On a beautiful Saturday in late August, with fall in the air—along with smoke from raging wildfires in Eastern Washington—I opened my garden to fellow plant enthusiasts and Pacific Horticulture supporters.
As anyone who has risked revealing his or her personal landscape will tell you, it can be nerve wracking. What if guests don’t share my penchant for rusty artifacts, or my love of galvanized aluminum? A rain the previous week brought on the inevitable late-summer mildew on squash and tomato plants. And four months of record high temperatures and exceptionally dry conditions here in the Puget Sound area have left their mark on all our plantings.
But I needn’t have worried. Everyone was most gracious and kind (the delicious date bars and apricot cookies might have had something to do with that). I got the chance to thank everyone for continually supporting our work and we made a bit of money to bolster our always-limited budget. Dare I say it? It was fun!
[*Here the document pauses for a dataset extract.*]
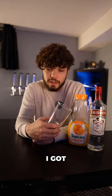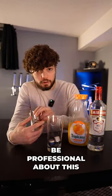Next, you're going to grab some ice cubes. Just put them in there. I got the whiskey cubes in here to make sure that the ice doesn't melt.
I hope you enjoy the following snapshots from that day—think of it as a virtual walkabout:
Our garden lives much larger than the tiny city-sized plot it resides on. The space is divided into many different areas—dining, lounging, mixed borders (shade, sun, mixed), vegetable plantings, and workspace—the list goes on and on. We find the more we ask of our tiny lot, the more it expands to meet our expectations.
“Densely planted” (read: crammed) borders ebb and flow with seasonal highlights, including a remarkable Eucryphia ×nymansensis (at the right of the frame in the above left photo, and in full glory, above right) that is the undisputed queen of the early August garden. This year the 35+-foot multi-stemmed shrub bloomed about 3 weeks early; meaning all that was left of the show by the Open Garden event was a carpet of faded blossoms dried to an agreeable burnt orange, which blended nicely with the rest of the plantings and my collection of rusty artifacts. (And no, that wasn’t planned. Just a happy accident of the sort that gardens sometime hand us if we’re paying attention.)
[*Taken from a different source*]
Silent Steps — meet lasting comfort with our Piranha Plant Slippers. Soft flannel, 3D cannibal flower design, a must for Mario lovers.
Hamammalis ×intermedia ‘Arnold Promise’ and Corokia cotoneaster provide a study in contrast silhouetted against a pedestrian hedge of Thuja occidentalis in the entry garden.
Strong architectural elements are critical to keep this enthusiastic planting style from dissolving into a confused hodgepodge. This is likely the biggest takeaway lesson I’ve learned in the process of building this new garden. We chose a limited palette of rustic (and affordable) concrete, cedar, galvanized aluminum, river rock, and of course, rusty metal. There’s a great deal of freedom in limiting your materials and the end result is each element relates to the whole—and decision making is simplified.
Galvanized agricultural stock tanks create almost instant raised beds after drilling dozens of drainage holes in the bottom of each container. A large soil volume makes these plantings easy to maintain but I’m struggling with bringing the sterile topsoil we filled them with to life. I see a large load of manure in my not-to-distant future.
Gabions—essentially a metal cage filled with rocks—are a repeating motif throughout the garden. They contribute structure, seating, and an easy DIY retaining solution for changing levels.
Even though these plants have only been in the ground for a year Euphorbia rigida, Hylotelephium telephium, Nasella tenuissima, and a rhizomatous allium that I always forget the name of (A. senescens cross?) never even blinked in the course of a challenging growing season.
Cutflowers, vegetables, herbs, and fragrances of all sorts dominate high summer (and our dinner table!)
Putting the space above the ground plane in the garden to work not only softens the structures but you get beans, grapes, and peas!
Ours is a personality-driven landscape that suits us just fine. Built and furnished with quirky items, favorite and select plants, and lots of delicious flavors—it’s our personal playground and a refuge from an indoor life.